Hi all, (again)
I have been working on a Dashboard, and appreciate all the help I’ve been getting from the community, particularly from @jlfsjunior and @AnnMarieW.
As you can see in the image above, I have two pie charts, one for candidates and another for media outlet.
However they are not interconnected, meaning that I would like to have the chart on the right (media outlets) update based on the value chosen on the dropdown on the right (candidato)
Here’s the code I have just for the the tab in question.
The code is working.
# -*- coding: utf-8 -*-
# # Two Pie Charts
import time
import dash
import dash_bootstrap_components as dbc
import plotly.express as px
import pandas as pd
from dash import Input, Output, dcc, html
# Data treatment
df = pd.read_csv('https://raw.githubusercontent.com/JorgeMiguelGomes/LEG2022_MediaMonitor/main/legislativas_2022_media_monitor_29jan2022/data_products/legislativas_2022_final_dataset_percentages.csv')

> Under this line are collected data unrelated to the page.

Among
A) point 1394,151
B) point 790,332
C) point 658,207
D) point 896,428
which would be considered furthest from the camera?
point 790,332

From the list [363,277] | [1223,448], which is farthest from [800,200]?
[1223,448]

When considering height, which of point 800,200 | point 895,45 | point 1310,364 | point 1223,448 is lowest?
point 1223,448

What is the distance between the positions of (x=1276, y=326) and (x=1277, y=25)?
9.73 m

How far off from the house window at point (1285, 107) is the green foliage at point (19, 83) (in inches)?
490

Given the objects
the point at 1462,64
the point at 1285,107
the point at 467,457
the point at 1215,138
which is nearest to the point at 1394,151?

df_individuals = pd.read_csv('https://raw.githubusercontent.com/JorgeMiguelGomes/LEG2022_MediaMonitor/main/legislativas_2022_media_monitor_29jan2022/data_products/legislativas_2022_all_candidates_filtered.csv')
df_individuals = df_individuals.drop(columns=["Unnamed: 0"])
df_indivuduals = df_individuals.drop(columns=["Post Created Date"])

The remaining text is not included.